MA Lawson, D Li, CA Glidewell-Kenney and FJ Lopez
Androgens have a profound effect on the hypothalamic-pituitary axis by reducing the synthesis and release of the pituitary gonadotropin LH. The effect on LH is partly a consequence of a direct, steroid-dependent action on pituitary function. Although androgen action has been well studied in vivo, in vitro cell models of androgen action on pituitary gonadotropes have been scarce. Recently, an LH-expressing cell line, LbetaT2, was generated by tumorigenesis targeted to the LH-producing cells of the mouse pituitary. The purpose of these studies was to determine the presence of androgen receptor (AR) and establish its function in this cell line.

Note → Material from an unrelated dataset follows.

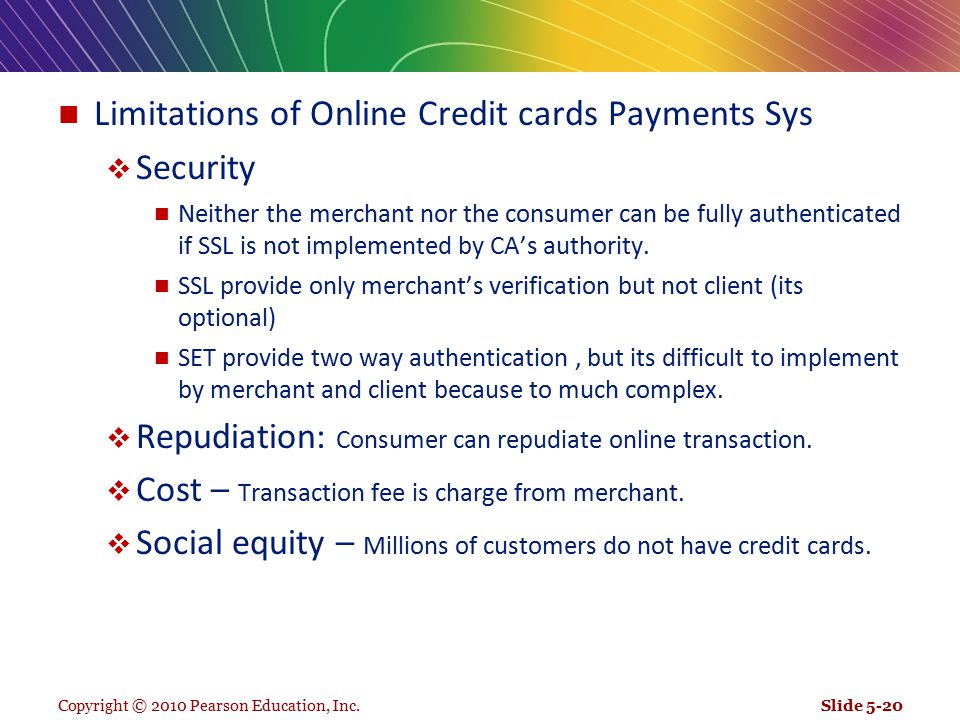 Limitations of Online Credit cards Payments Sys Security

RT-PCR analysis indicated that the LbetaT2 cell line expresses AR mRNA. Transient transfection assays, using the mouse mammary tumor virus (MMTV) promoter, showed that a functional AR is also present. Testosterone (TEST), dihydrotestosterone (DHT), 7alpha-methyl-19-nortestosterone (MENT), and fluoxymesterone (FLUOXY) increased reporter gene activity in the rank order of potencies MENT>DHT> TEST>FLUOXY. Additionally, activation of MMTV promoter activity by DHT in LbetaT2 cells was diminished by the AR antagonists casodex and 2-hydroxy-flutamide, indicating that the effects of DHT are mediated through AR. In summary, these studies showed that the LbetaT2 cell line is a useful model for the evaluation and molecular characterization of androgen action in pituitary gonadotropes.